Tailoring examination plans and procedures based on risk – and key principles for gauging that risk – are both addressed in a second update issued by the umbrella group for federal financial institution regulators Tuesday.
The Federal Financial Institutions Examination Council (FFIEC) issued the update as the next step of its exam modernization project. The council (made up of the four federal banking and credit union regulators, and the committee of the exam council representing state supervisory authorities) said in a release that using risk as a guide in tailoring exams is “another area that holds promise” for reducing regulatory burden.
The exam council said that its member regulators have identified and developed “common risk tailoring principles and practices” and that its members are “each committed to issue reinforcing and clarifying examiner guidance to their examination staffs on these risk-focused examination principles if necessary.” The principles include:
- Recognizing there are financial institutions, or areas within institutions, that present low risk, and in those cases, minimum examination procedures are generally sufficient to assess the institution’s condition and risks.

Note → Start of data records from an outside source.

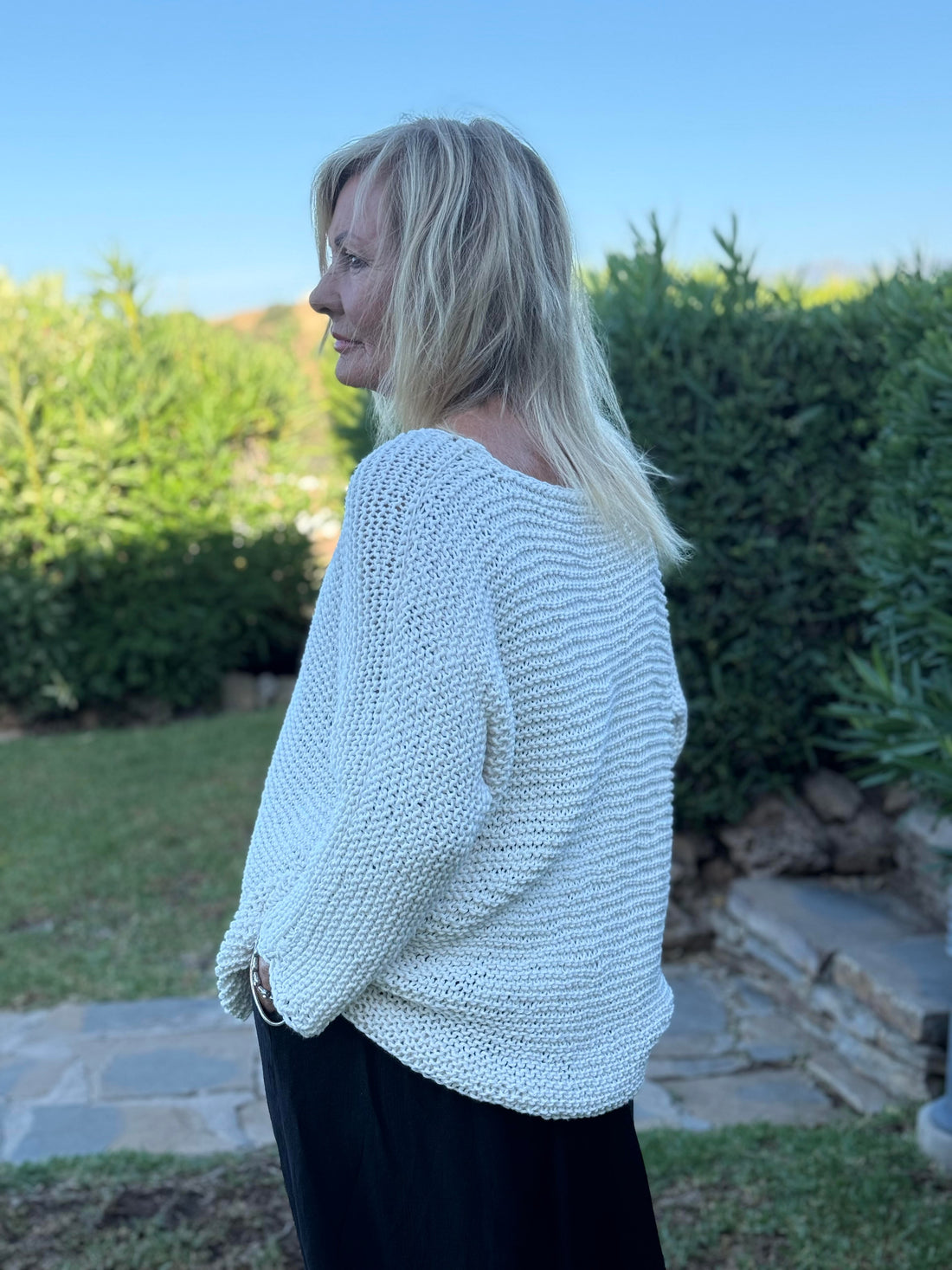 Side view of the Vilja sweater #301 in white, showing the grown-on sleeves and relaxed fit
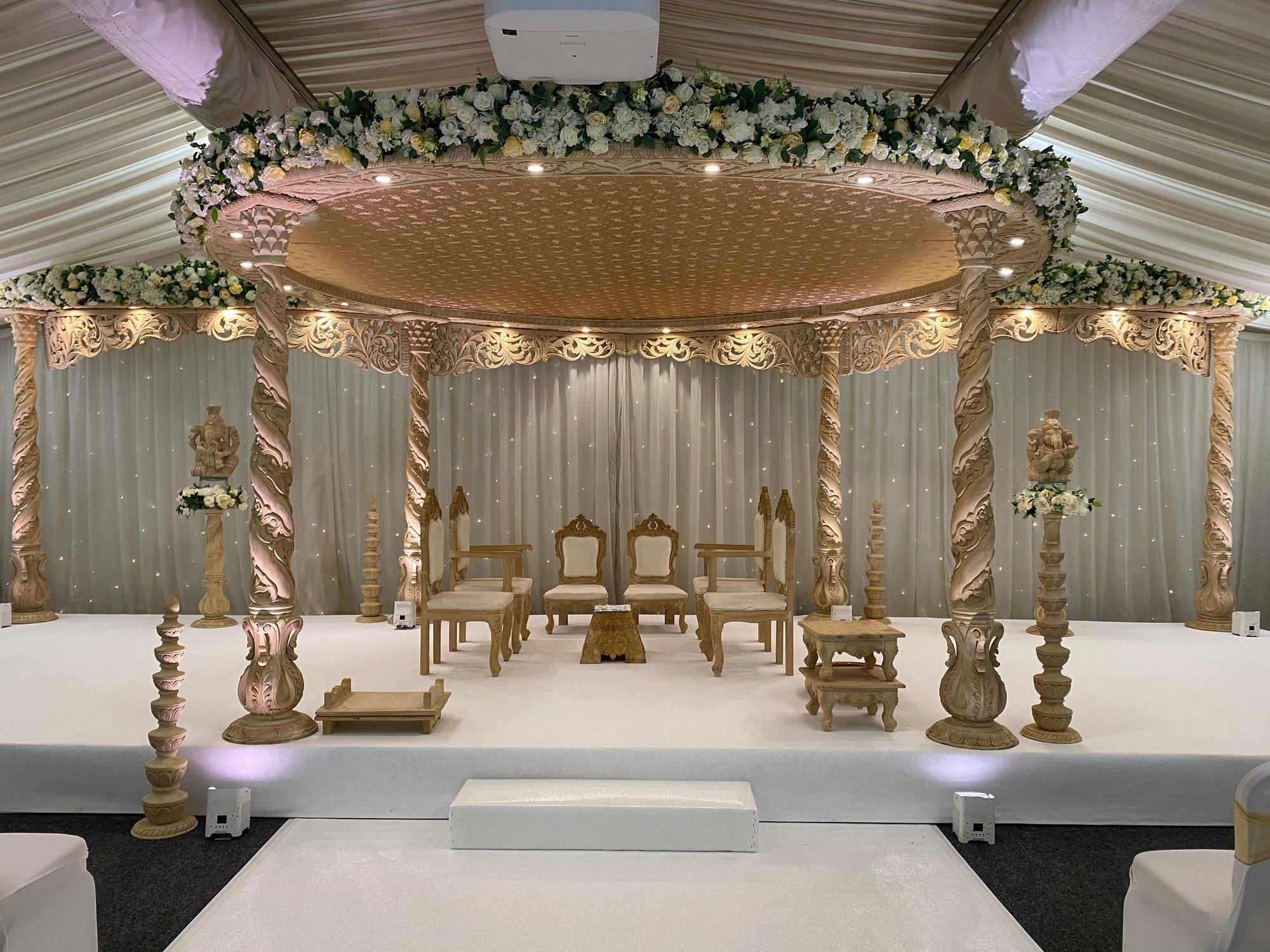 A carved mandap with a domed gold canopy on four pillars, set on a white stage before draped curtains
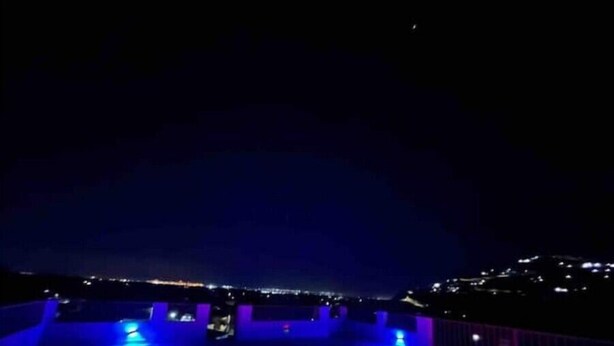 A nighttime view of a rooftop terrace with a cityscape in the background. - Quiet , pool, gated,security (kingston 19)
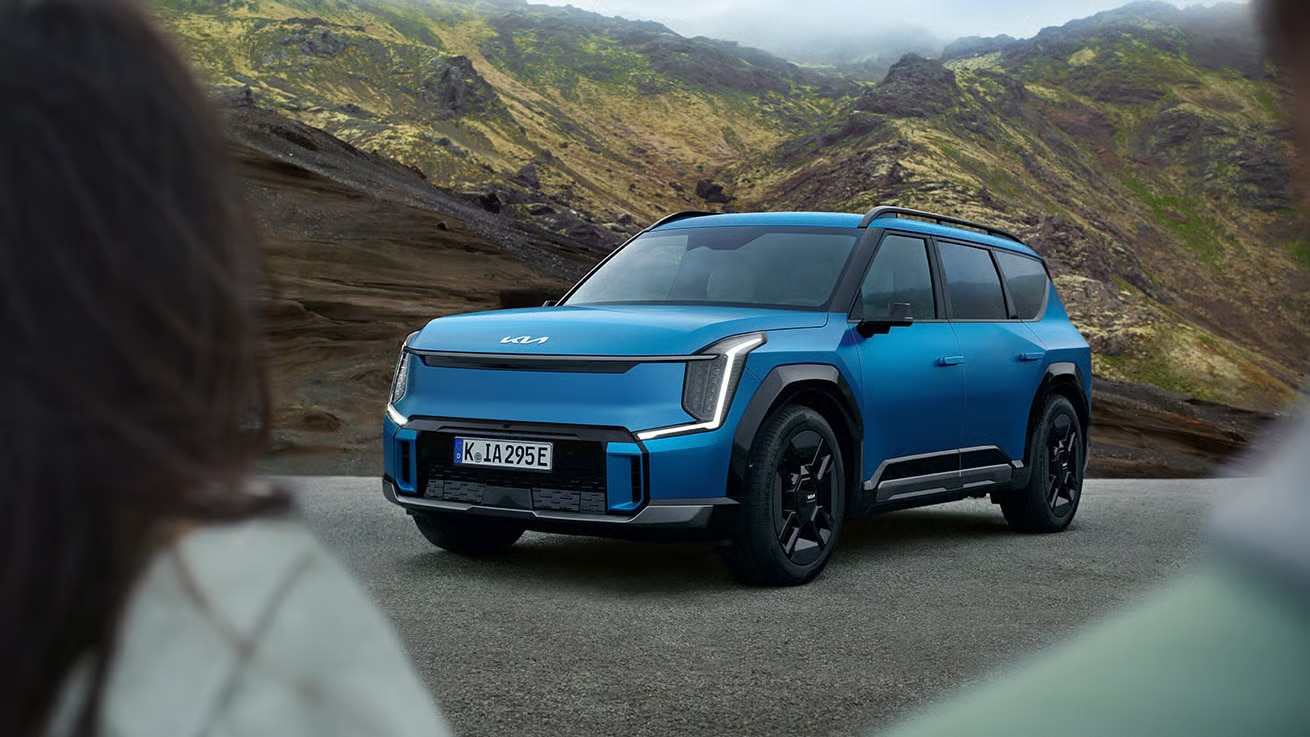 Auf diesem Bild ist ein blauer Kia EV9 SUV auf einer Straße in einer bergigen und kargen Landschaft zu sehen, eingerahmt von unscharfen Personen im Vordergrund.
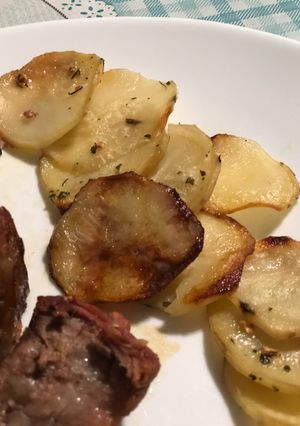 Una foto de Papas al horno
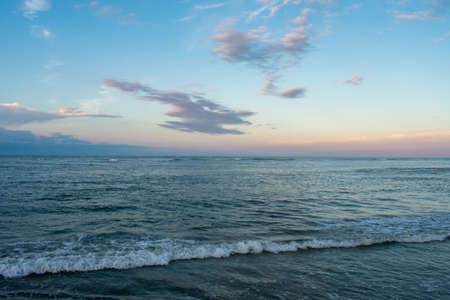 A Beautiful View of the Ocean and Sky at the North Wildwood Sea Wall in New Jerseyの写真素材
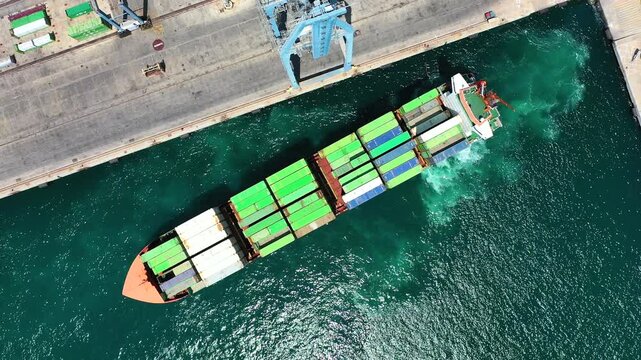 Aerial view of the container ship Veronica B, maneuvering for dock with a tug in the port of Alicante, in the Mediterranean coast of Spain.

- Allocating more examination resources to higher risk areas and fewer resources to lower risk areas.
- Using data from the quarterly call report filings to monitor changes to the institution’s business model, complexity, and risk profile between examinations.
- Leveraging available information, including analyses and conclusions from ongoing offsite monitoring and previous examinations to determine the financial institution’s risk profile and the scope of the next examination.
- Considering the financial institution’s ability to identify and control risks when risk-focusing examinations.
- Tailoring the pre-examination request list to the institution’s business model, complexity, and risk profile.
- Contacting institutions between examinations or prior to finalizing the scope of the examination to help inform an examiner’s assessment of an institution’s risk profile.
- Following up between examinations on institutions’ actions taken to address areas in need of improvement.
Along those lines, the exam council listed six “community financial institution examination risk-focusing practices” that are (or will be) guiding examiners:
- Consider the unique risk profile, complexity, and business model of the institution when developing an examination plan.
- Analyze existing information such as Call Report data, publicly available information, and confidential supervisory information to help identify areas of higher and lower risk when planning examinations.
- Monitor financial institutions between examinations.
- Tailor the document request list based on the financial institution’s business model, complexity, risk profile and planned scope of review.
- Apply examination procedures in a way that reduces the level of review of low-risk institutions or low-risk areas.
- Discuss financial conditions, risk profiles, new or expanded business lines, and pertinent new supervisory or regulatory information with institution management prior to finalizing the scope of review.
“Examiners will generally discuss the examination plan and its rationale with institution management at the beginning of the examination,” the exam council said.